> Mostly gray area because gig corps don't like actually treating the workers as contractors, they just like the lowered costs.
I don't follow this? Is this predicated on the fact that gig corps can choose not to work with contractors that don't meet their criteria? If so, how is this different from only using lumber yards that consistently meet your expectations?
The implication of the parent poster seems to be that there are legal requirements regarding contractors and legal requirements regarding employees but gig corps would prefer to treat their workers as one or the other class depending on which is to their benefit - which would be against the law because of the aforementioned concept "legal requirements".
Exactly this - there are differences in what you can require from someone on employment contract and external contracting company (whether that company is single person or not) and effectively making one category into another without actually reclassifying (like employing as employee) is considered fraud in most places.
There are possible frauds from both employer and employee side, but I will list some common "landmines" of miss-classification, though beware that they are picked across different jurisdictions and I do not remember which apply where.
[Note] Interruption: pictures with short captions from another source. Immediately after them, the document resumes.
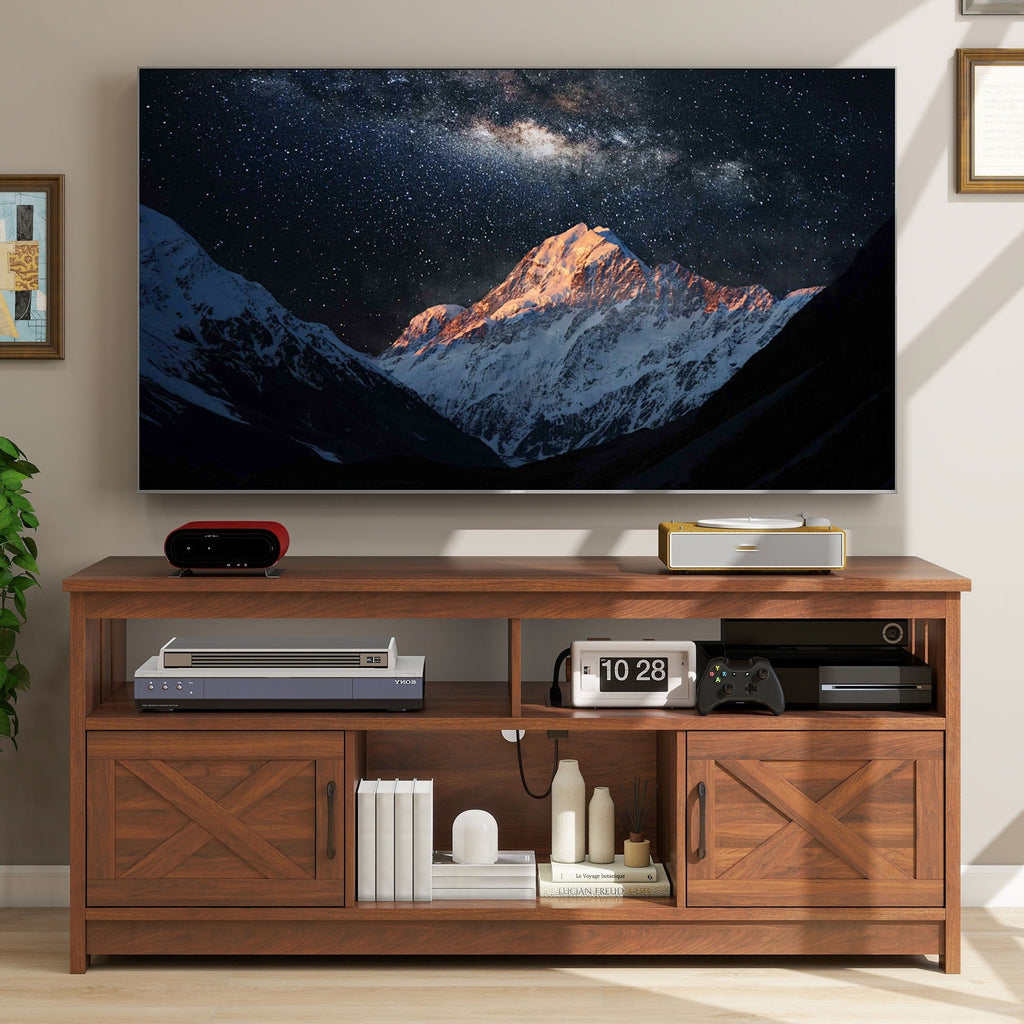 Mobile TV stile fattoria per TV fino a 65 pollici con ante e ripiani aperti, console multimediale, presa di corrente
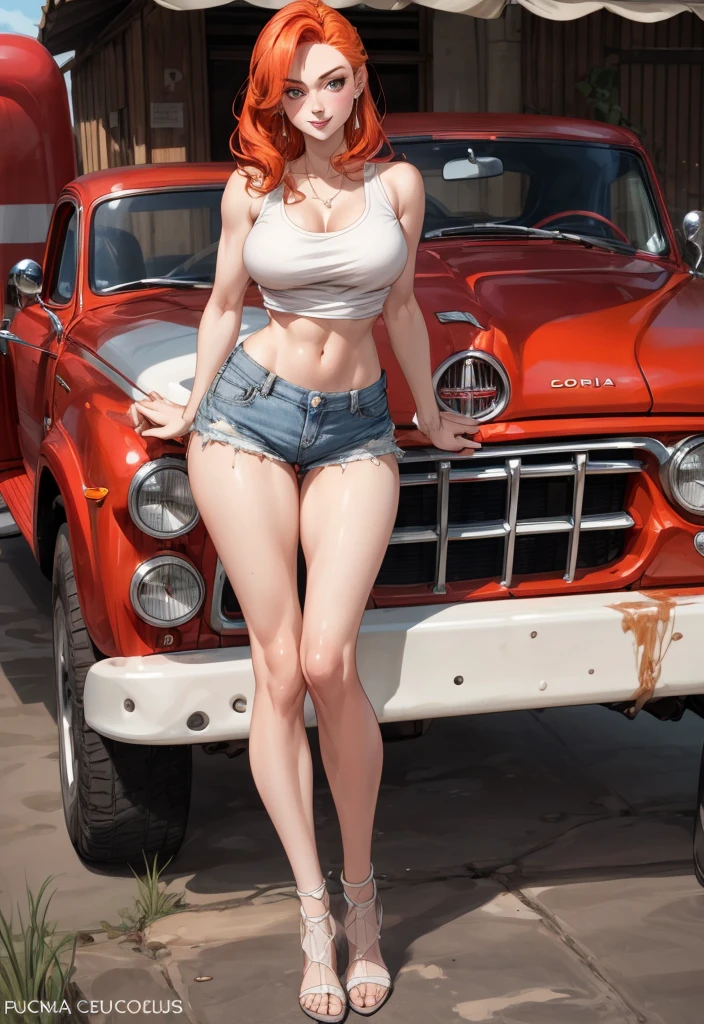 Woman in shorts and tank top standing next to a red truck, Daisy Duques, Sophie Turner, blonde goddess, sexy girl with shorts, pinup body, Pinup Model, better known as amouranth, in front of a garage, alexa grace, young beautiful Amouranth, sexy girl, Perfect form, perfect body, looking hot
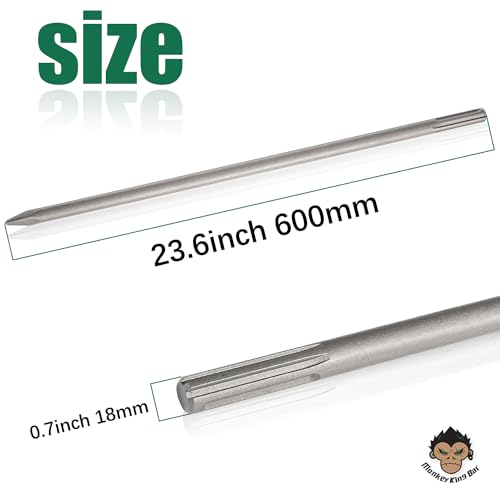 MonkeyKingBar SDS Max Bits 24" Point Chisel for Demolition & Masonry Work 24"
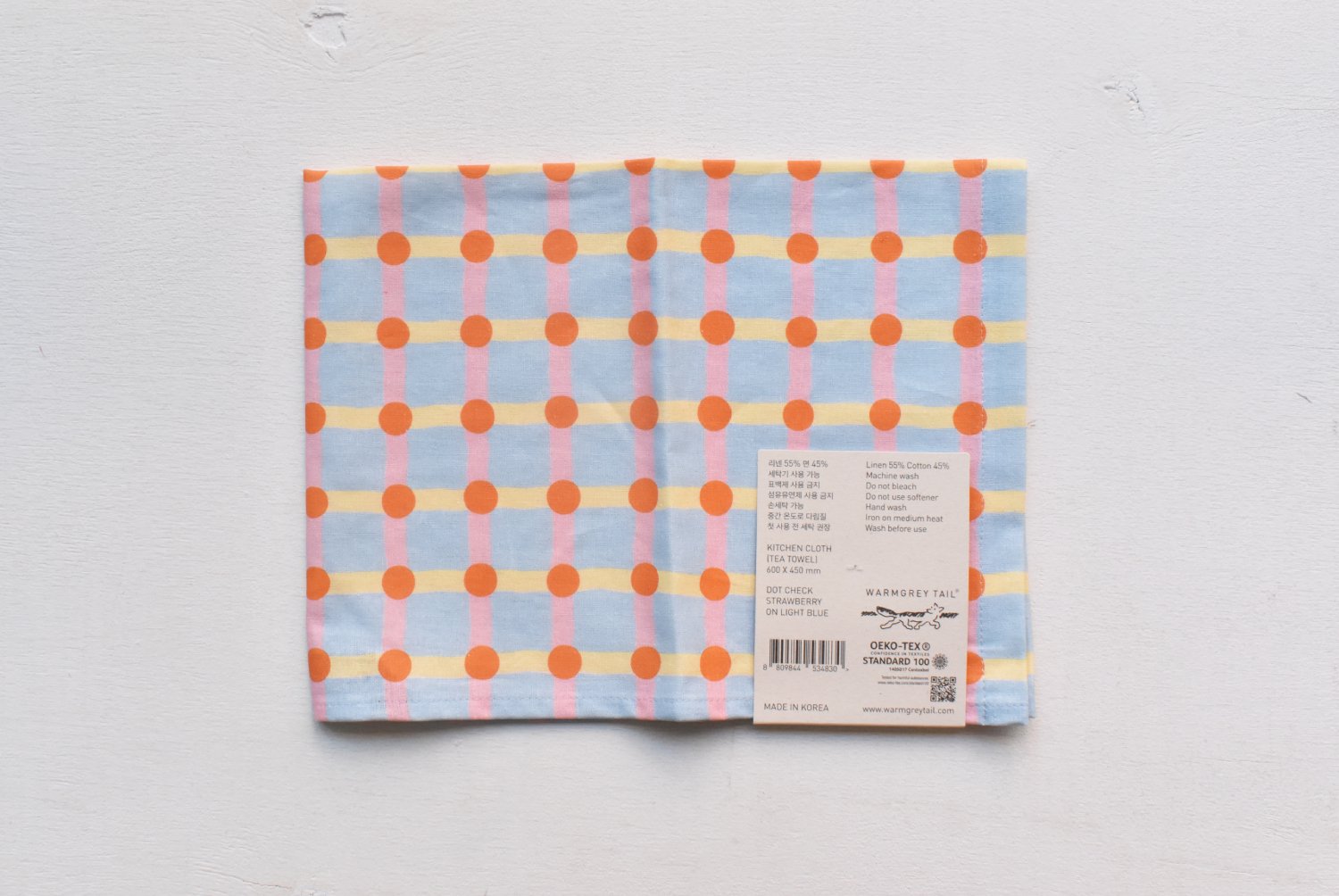 【バーンストア】WARMGREY TAIL / DOT CHECK KITCHEN CLOTH -STRAWBERRY ON LIGHT BLUE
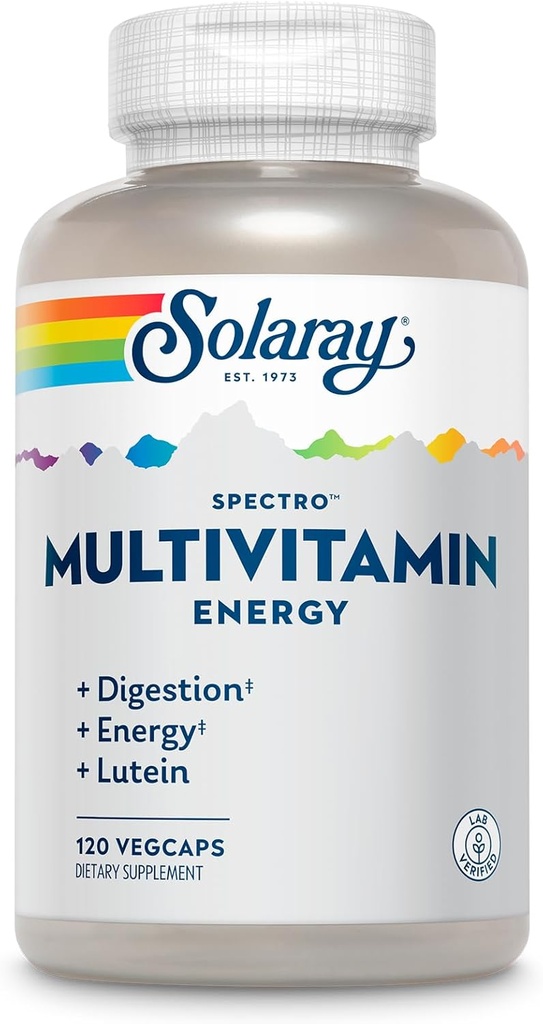 SOLARAY Spectro Energy Multivitamin for Men - 细胞能量,消化,眼健康和免疫支持 - w/维生素A,维生素B 复合体,CoQ10,铁,酶,Lutein - 30 Servi,120 Veg Caps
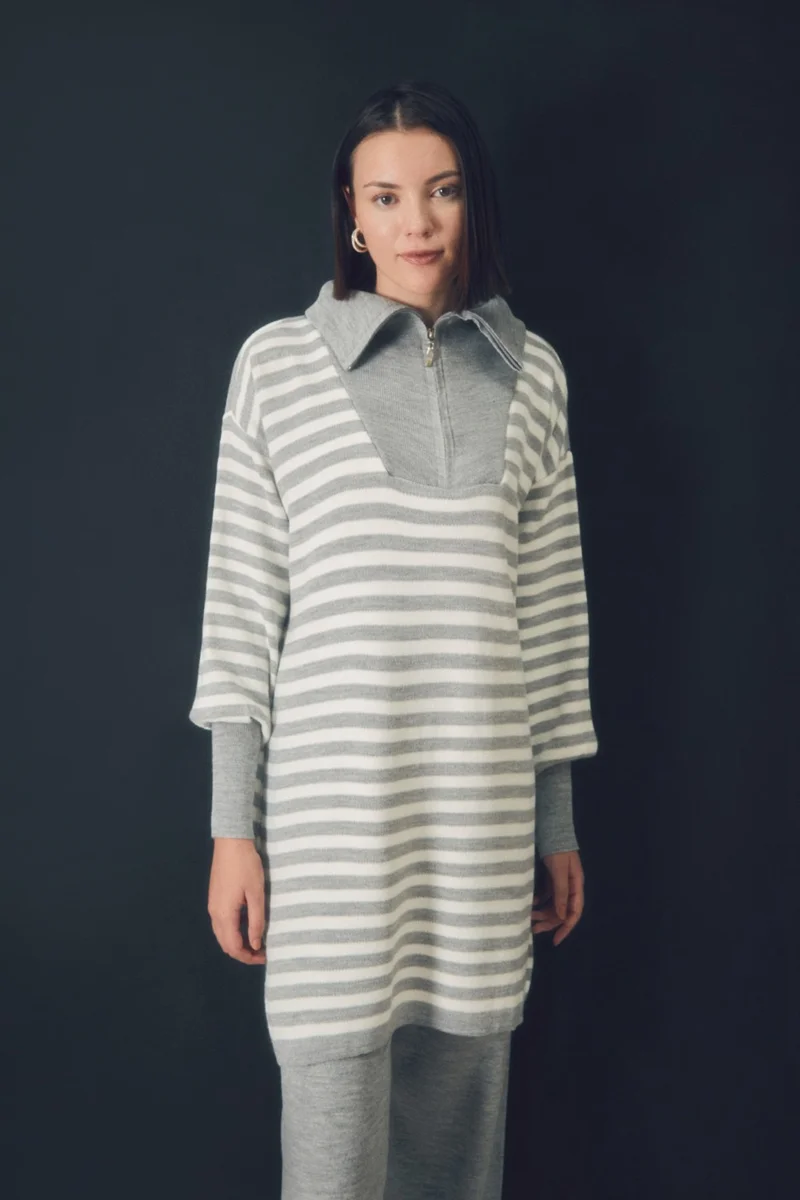 FullaModa Striped Half Zipper Knitwear Set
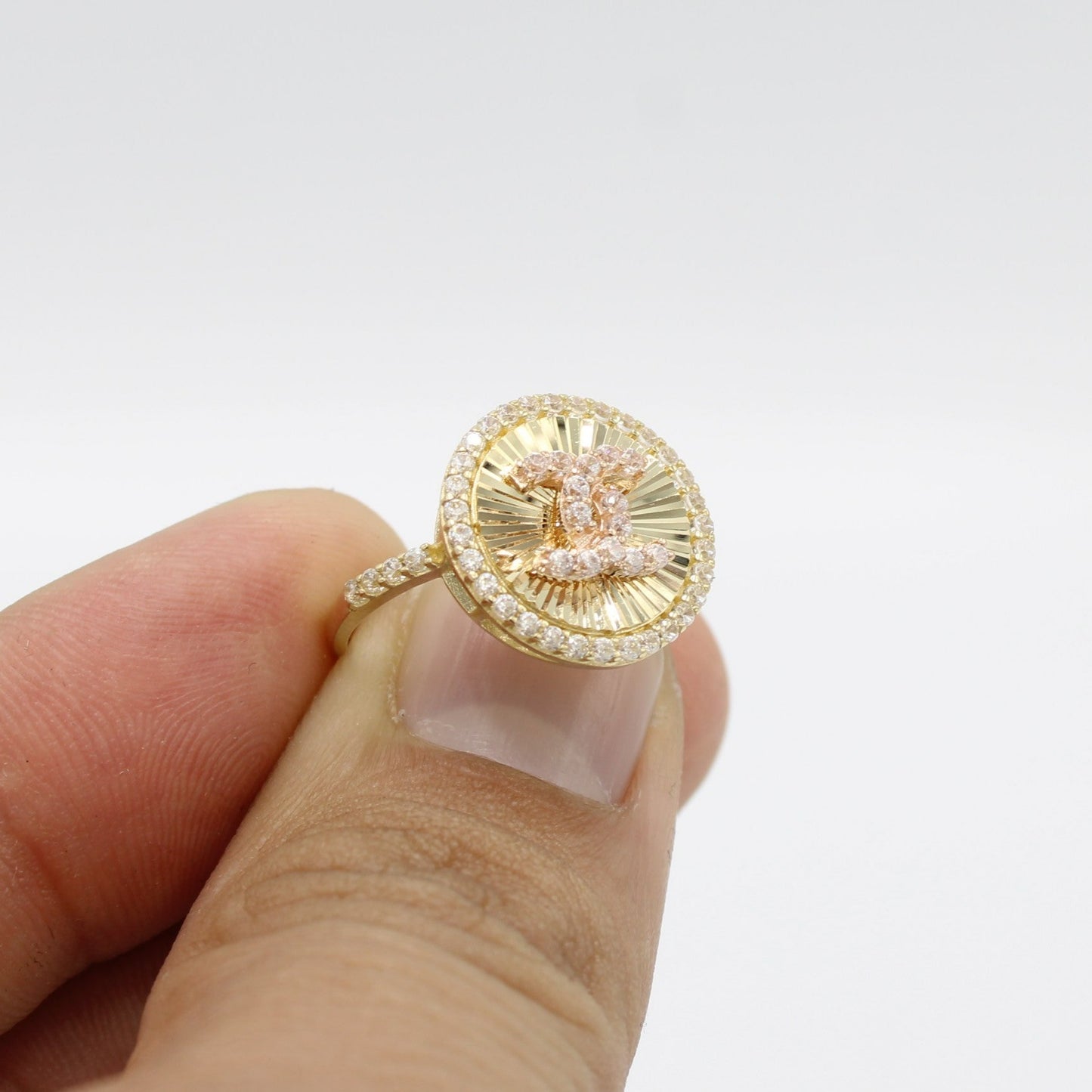 14K Fancy Women's Ring Cz StonesTwo Tones Yellow Gold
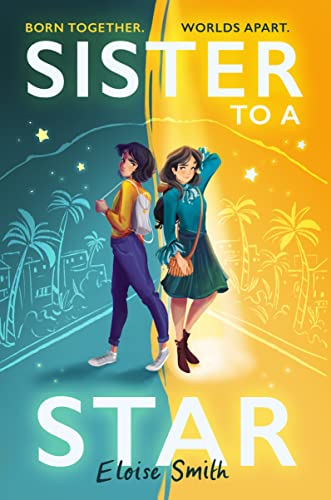 Book cover with two young women walking towards a split, illustrated background.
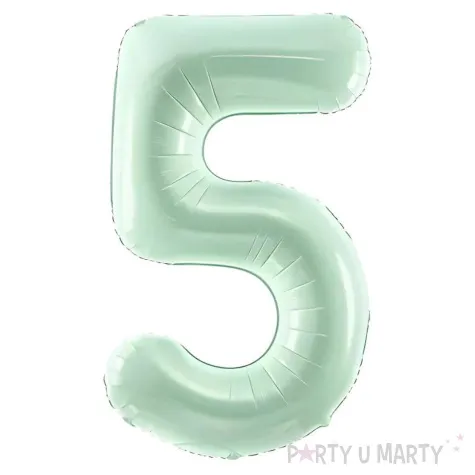balon foliowy cyfra 5 zielony partydeco 34 dgt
All examples are possible items that can be decided to be part of misclassification, usually from contractor to effective employee:
- requiring specific dress code is non-enforceable on contractors in many places
- contractor is not required to provide specific person to fulfill the job, only a person of appropriate qualifications (it's valid for there to be a check on those qualifications)
- in UK case, contractor might be asked to prove that they have a substitute to work in their place!
- [Poland, possibly other] having only one client is not illegal, but can be grounds for investigations and if it's your only client where you work for equivalent of full-time job, it will be evidence for tax fraud
- You can not enforce working hours on contractors in most jurisdiction, only specific deliverables (taking part of work meetings is deliverable, requiring availability in general of specific person at specific times can be grounds for reclassification)
- above is often linked with "gig economy" - rules regarding "contractors" needing to pick up available jobs etc. are often considered illegal skirting of employment law.
As sibling comment mentioned, more is available from your local (too) friendly search engine. And employment lawyers and HR specialists.
In this case would it matter if they were contractors or not?
There is a way of calculating the pay for a job. It is predictable. Publish the algorithm. Want to change it? Great. Update the documentation and then publish that. The workers should be able to calculate exactly what they are owed. They can decide to leave or stay.
Only in America are people deflecting by bringing up the employment status of people when the issue is a lack of transparency designed to allow wage theft.
Gig workers fall into a grey area between contractor and employee, depending on the particular jurisdiction and particular job. There are many ongoing legal battles trying to update outdated legal frameworks that don't quite account for modern realities. It is not as simple as you buying lumber.
Sometimes that goes afoul when it's ruled that they put requirements that are only valid for employees on contractors.